# Partial differentation of two variables [solved]

1. Nov 21, 2015

### epsilon

We have a function: $\phi'(t',x')$.

We want to find: $\frac{\partial\phi'}{\partial x}$.

I know that the answer is: $\frac{\partial\phi'}{\partial x} = (\frac{\partial\phi'}{\partial t'} \cdot \frac{\partial t'}{\partial x}) + (\frac{\partial\phi'}{\partial x'} \cdot \frac{\partial x'}{\partial x})$.

I do not know how to achieve this answer. It appears to be some sort of chain rule question, but if you could do through every single step that would be great.

2. Nov 21, 2015

### epsilon

I have actually solved this myself, but thought I would add the answer for anyone else that I wondering how to do it.
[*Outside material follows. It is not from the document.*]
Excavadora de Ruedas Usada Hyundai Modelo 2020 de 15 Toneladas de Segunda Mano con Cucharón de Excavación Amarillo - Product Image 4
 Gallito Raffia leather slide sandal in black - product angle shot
Consider the $\phi'(t')$ part first.

$\frac{\partial}{\partial x}\phi'(t')$

We need to have the denominator of the differentiation fraction to be the same function as the function being differentiated. Hence as we are differentiating a function $(t')$, we need the denominator of the differentiation fraction to be $\partial t'$.

We introduce $\frac{\partial t'}{\partial t'}$ which is a valid operation as this is just multiplying by 1, which makes no difference to the equation, such that we now have: $\frac{\partial t'}{\partial t'} \cdot \frac{\partial \phi'}{\partial x} (t')$. I have also moved the $\phi'$ to be the numerator of the second fraction, but this is just a matter of notation.

As it is a multiplication we can swap the denominators around, such that we have: $\frac{\partial t'}{\partial x} \cdot \frac{\partial \phi'}{\partial t'} (t')$.

This is can be re-arranged to match the answer I wrote earlier, although this is a redundant step, and the $(t')$ does not need to be written anymore either.

$\frac{\partial \phi'}{\partial t'} (t') \cdot \frac{\partial t'}{\partial x}$.

Repeat this process for the $\phi'(x')$ part and then add the two together!